In summary, the research field of shoreline change has seen advancements, especially, in the data sources, approaches, and tools. The field began with the detection of shoreline positions through historical maps, aerial photographs, and now through high resolution satellite images. The remote sensing approach dominates the field. It is interesting to note that field measurements and surveys through the employment of GPS has consistently been utilized in the research field. Researchers use GPS surveys to establish control. GPS surveys are also used to validate remote sensing data. The DSAS has remained an important tool in the research field and shows dominance. However, there has been an increasing utilization of other software such as the QGIS, GRASS, Terset-IDRISI, ERDAS, CoastSat, AMBUR, etc. for coastal variation analysis. The increasing utilization of models, algorithms, and programming environments for research in the field has, therefore, provided room for machine learning in the shoreline change analysis and detection field. It is interesting to note that some of the studies that lead to a cluster are related to one direct citation.

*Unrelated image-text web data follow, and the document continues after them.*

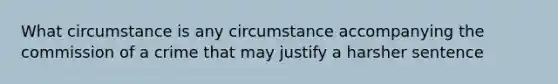 What circumstance is any circumstance accompanying the commission of a crime that may justify a harsher sentence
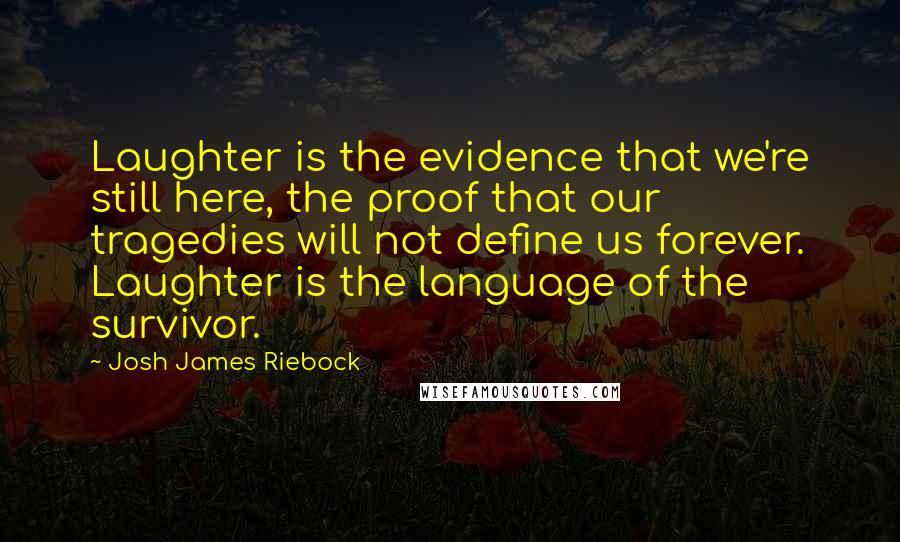 Josh James Riebock Quotes: Laughter is the evidence that we're still here, the proof that our tragedies will not define us forever. Laughter is the language of the survivor.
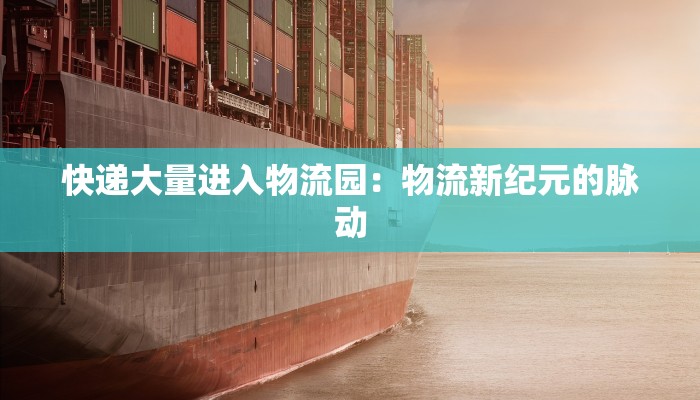 快递大量进入物流园：物流新纪元的脉动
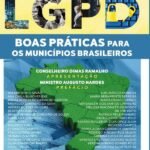 Lgpd: boas práticas para os municípios brasileiros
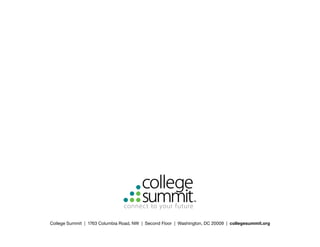 College Summit | 1763 Columbia Road, NW | Second Floor | Washington, DC 20009 | collegesummit.org
 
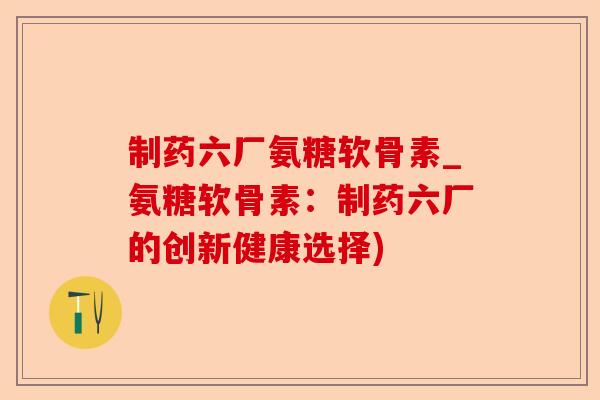 制药六厂氨糖软骨素_氨糖软骨素：制药六厂的创新健康选择)-第1张图片-关节保镖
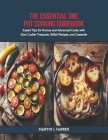 The Essential One Pot Cooking Guidebook: Expert Tips for Novice and Advanced Cooks with Slow Cooker Treasures, Skillet Recipes, and Casserole Cover Image
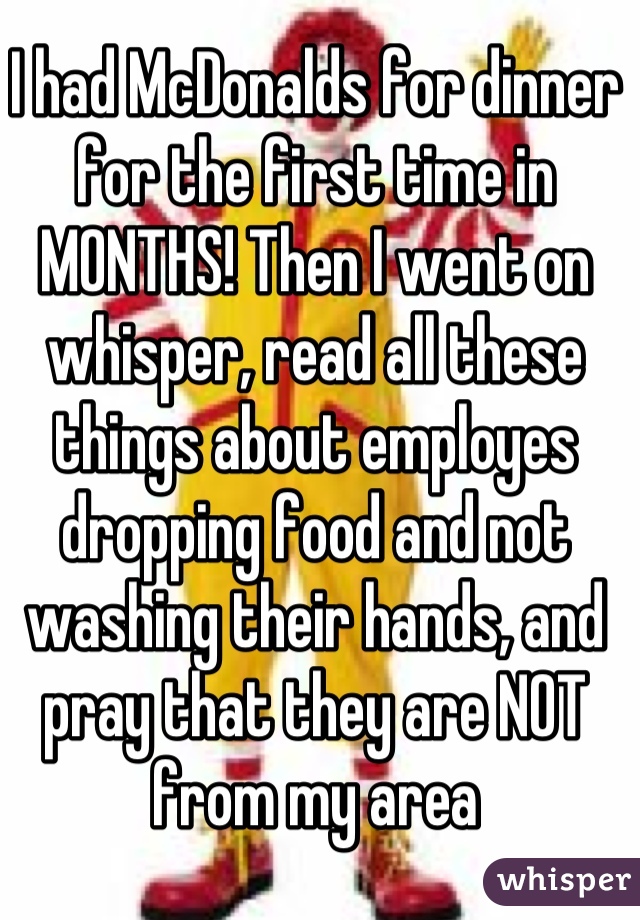 I had McDonalds for dinner for the first time in MONTHS! Then I went on whisper, read all these things about employes dropping food and not washing their hands, and pray that they are NOT from my area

Shoreline change analysis and detection studies have progressed from using simple observation (description) from historical maps and topographical maps to employing high-resolution multi-temporal satellite images with remote sensing and GIS approaches for a better understanding of the subject.
The potency of geospatial approaches and tools such as remote sensing, GIS, and machine learning have not been completely discovered. There is a need for more utilization considering their enormous benefits. The introduction of machine learning could offer suitable tools and techniques required for the growth of automatic shoreline extraction globally.